There is so much more than meets the eye where science is concerned, particularly on the quantum scale. Miniature devices such as sensors are being built for science and technology, thanks to the use of nanomaterials. The EU-funded 'Quantum devices based on carbon nanotubes' (QDCN) project is developing an ultra-sensitive detector that probes the electrical properties of individual molecules. Such a device is being made with tiny elements called carbon nanotubes (CNTs), each approximately 1/50 000th of a human hair.
To operate, these devices also require semiconductors, i.e. materials with specific electrical conductivity. A more recent and more powerful type of semiconductor on a minute scale is known as the quantum dot: it enhances conductivity and can be used to manufacture much better devices than those currently available.
In order to measure electrical properties of an individual molecule, quantum dots are attached to only one electrode represented by a single CNT. The advantage of employing a CNT as an electrode causes localised screening from the electrode, rendering the study of the electronic structure of the semiconducting dots more accessible.
This constitutes a new, more efficient approach developed by the project to create sensors and detectors. The novel nanodevice layout greatly simplifies the fabrication process compared to standard devices which used to use two electrodes separated by a gap of a few nanometres. This is significant, as the fabrication of such devices is quite challenging and time-consuming, and involves numerous processes and intricate equipment.
The project's next step was to characterise these fabricated nanodevices and measure their accuracy.
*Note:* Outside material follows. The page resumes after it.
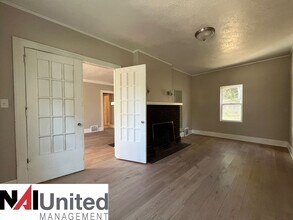 2008 McDonald St in Sioux City, IA - Building Photo - Building Photo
This was achieved using a new technique called 'electron counting spectroscopy' that involves measurement at low temperatures. The technique allows researchers to probe the electronic properties of semiconducting quantum dots. Importantly, it also allows them to fill or empty any semiconducting quantum dot with many electrons, a previously onerous task.
In addition to creating the detector device, the project mastered various nanodevice fabrication techniques that involve many processes and much equipment to deal with at the quantum scale. These include suspended nanotube devices, graphene devices, four terminal gold nanotube devices and catalytic nanomotor devices.
Moreover, the project's advances allow manipulation of Fermi energy (i.e. energy at absolute zero temperature) by significant amounts. This holds promise for nanoscale or molecular electronics, since the large energy manipulation and 'separation' in such applications is limited.
Overall, QDCN has shown that single-electron detection with a CNT transistor represents a new strategy to study the separation in energy between the electronic discrete levels of the semiconducting quantum dot. In particular, it has shown that electronic levels of a quantum dot can exhibit chaotic behaviour, a phenomenon which had only been examined in theory in recent decades.